Null hypothesis

null-hypothesis

 

Statistics is data collection in order to later organize, analyse, interpret and also present them in a specific manner that gives inside look in the problem and probable solutions in the area that is being studied. It can be used in many spheres from science to social and industrial fields. One of the most prominent hypotheses that is used very often in statistics in the null hypothesis, because in this discipline in many cases the null hypothesis is assumed true until evidence proves otherwise.

The null hypothesis in general is a statement or default positions that suggests that between two specific measures phenomena there is no relationships. Therefore with the help of statistics researcher need to determine that there is a relationship between two phenomena in order to  disprove the null hypothesis.

The null hypothesis also know as ad denoted as H0 is used in two very different statistical approaches. In the first approach called significant testing that was patented by Roland Fisher the null hypothesis can be disproved on the basis of data that is under the assumption. But in the second approach – hypothesis testing – that was introduced by Jerzy Neryman and Egon Pearson, the alternative hypothesis is put against the null hypothesis and then the truth is distinguished basing on the data, keeping in mind error rates.
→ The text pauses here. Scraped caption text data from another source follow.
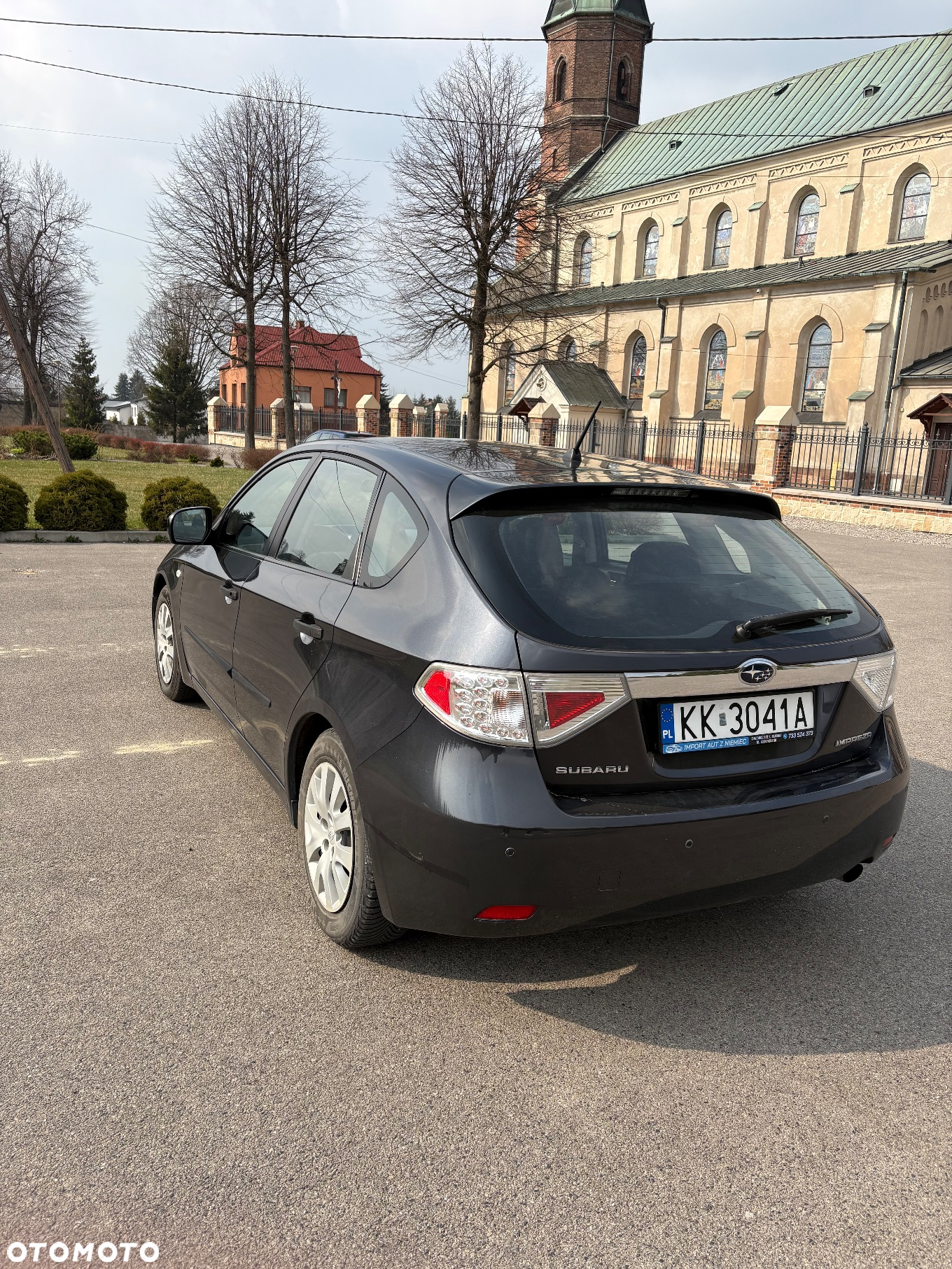 Subaru Impreza 1.5 RA Euro5 - 8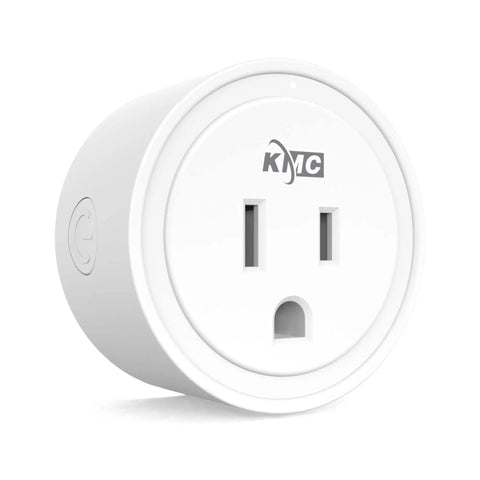 Smart Plug Mini 4 Pack With Wi Fi No Hub Needed Works With Alexa And Google Home Control Lights And Devices From Anywhere ETL Certified
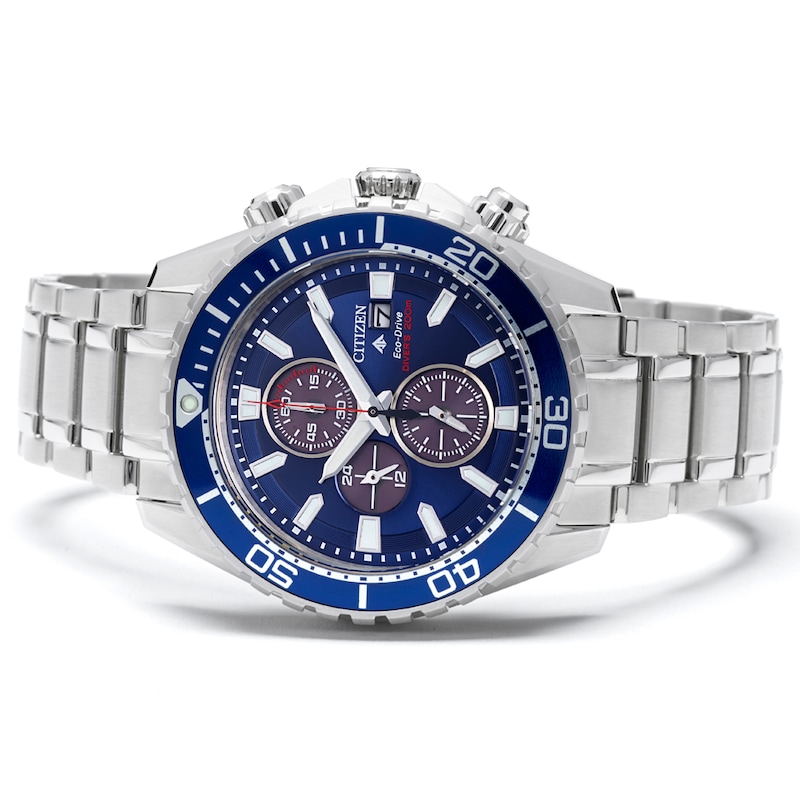 Main Image 3 of Citizen Men's Eco-Drive Promaster Diver Bracelet Watch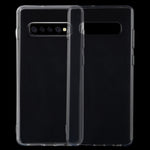 Custodia TPU trasparente ultrasottile per Samsung Galaxy S10+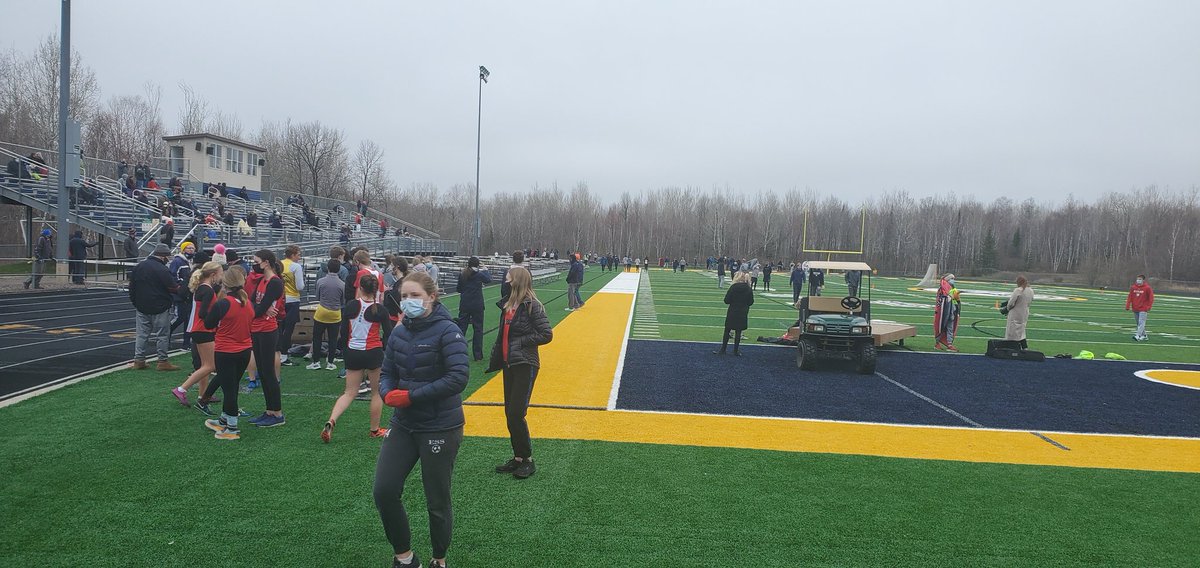 Welcome to Hermantown, Minnesota. Home of the Hawks.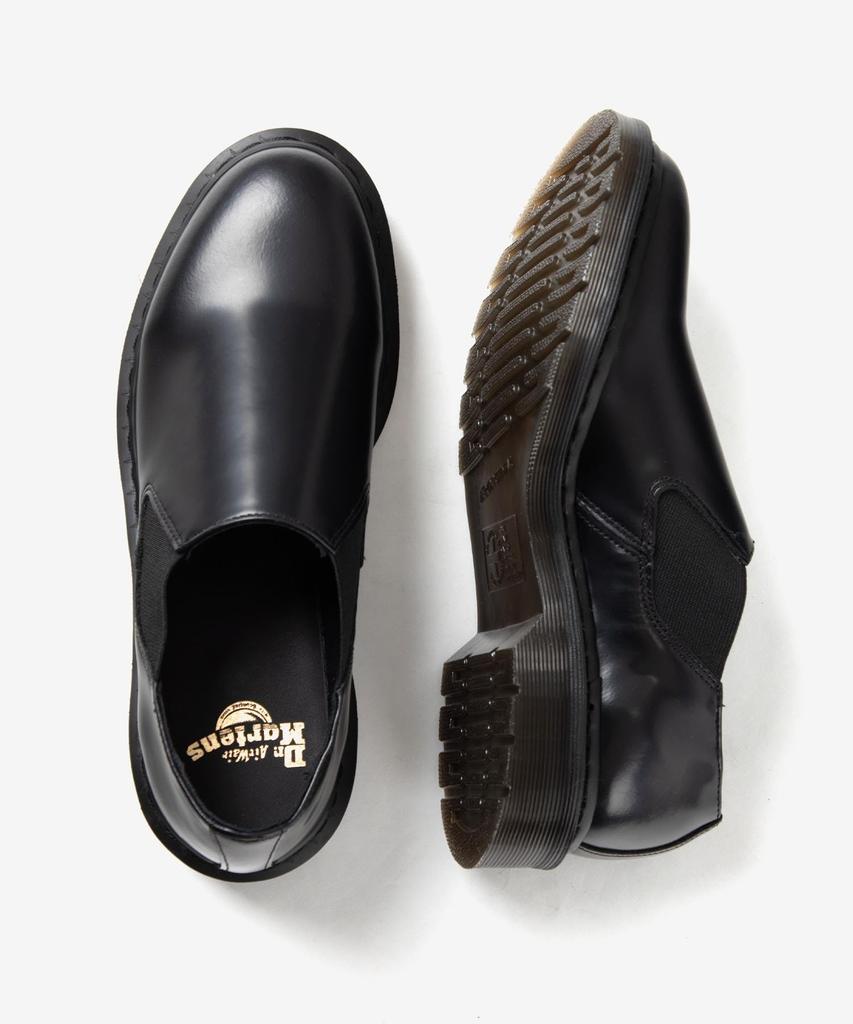 [Dr. Martens] Side Gore Boots 24941001 GUSSET SHOES BLACK/Black [Parallel Import]
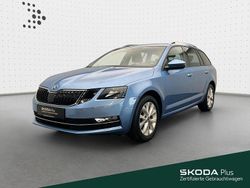 Blau Gebraucht 2017 Skoda Octavia Style Kombi | 13.660 € (Fairer Preis)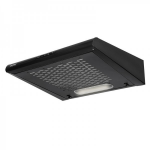 MPM MPM-51-PX-72 cooker hood Built-under Black C 175 m³/h
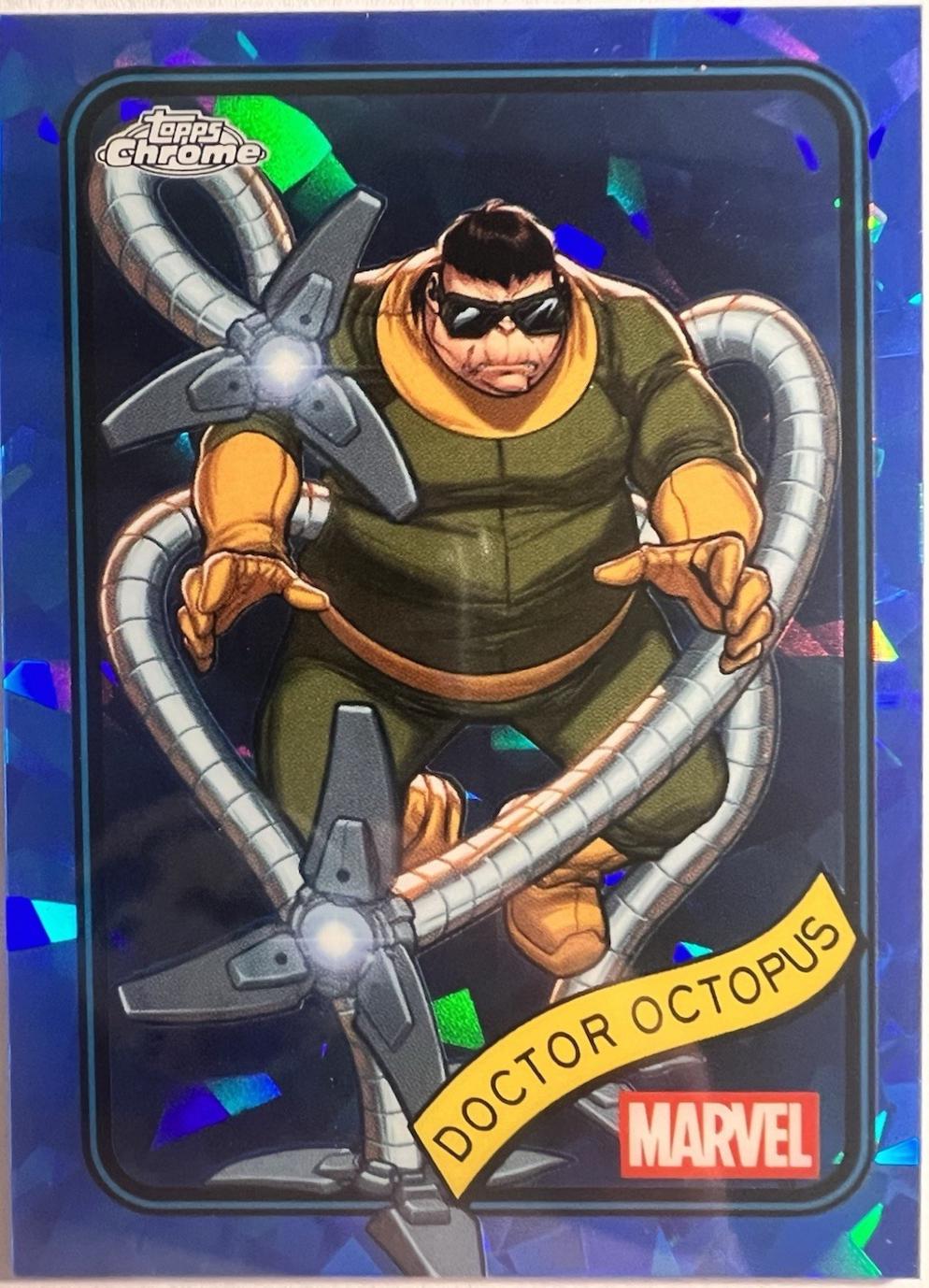 Doctor Octopus [Sapphire] #160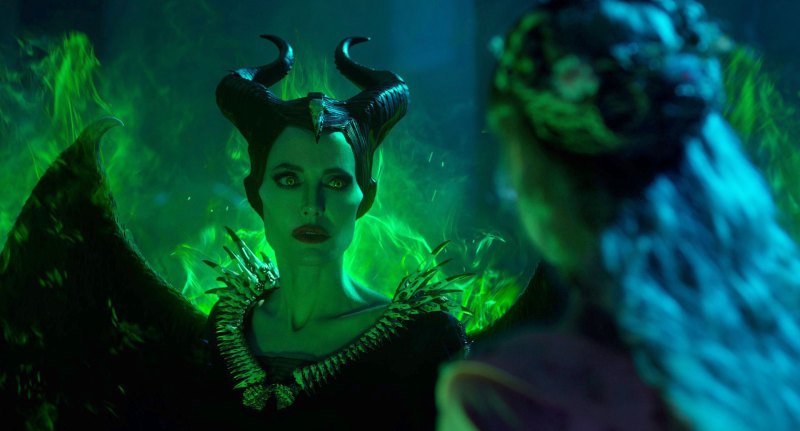 Maleficent Mistress of Evil Fall Movie Preview
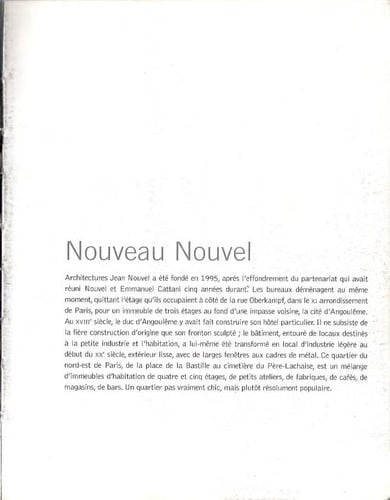 Jean Nouvel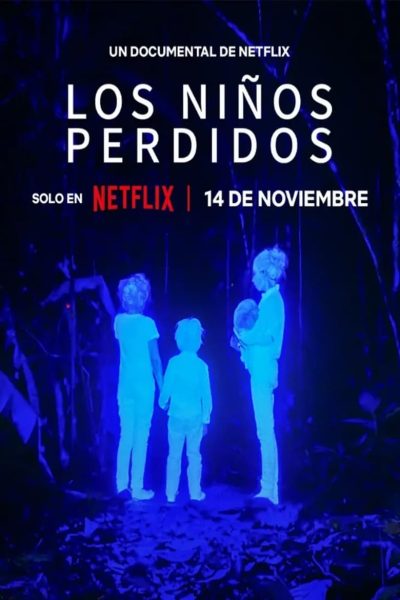 Les Enfants perdus : 40 jours dans la jungle (2024)-poster-2024-1731938675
The null hypothesis was established in 1925 by one Roland Fisher, although even before then there were talk about similar concepts in the statistical research and testing community. Fisher announced the null hypothesis and made it the main way to analyse almost all of experimental science back then. Later in 1933 Neyman and Pearson came of with an improvement to Fishers test, but later that became an alternative to the Fishers test rather than enhancement. And so these two ways of using the null hypothesis in statistics became to be and are still used all over the world.

One of the fields this null hypothesis is used is testing the significance of differences in treatment and control groups. At the beginning of the test it is assumed that there is no difference between the control and the experimental groups or any other two variables for that matter. For example with this method you can test and see if there is any difference in two groups, even if you only have one random sample of test scores from men and other – from women. Then first you need to assume that both test scores are the same and that can be showed with equation H0: μ1=μ2, where H0 is the null hypothesis but the μ1 and μ2 are the result of easy groups test scores.  Now all you need to do is to overthrow this statement and you will have overthrown the null hypothesis.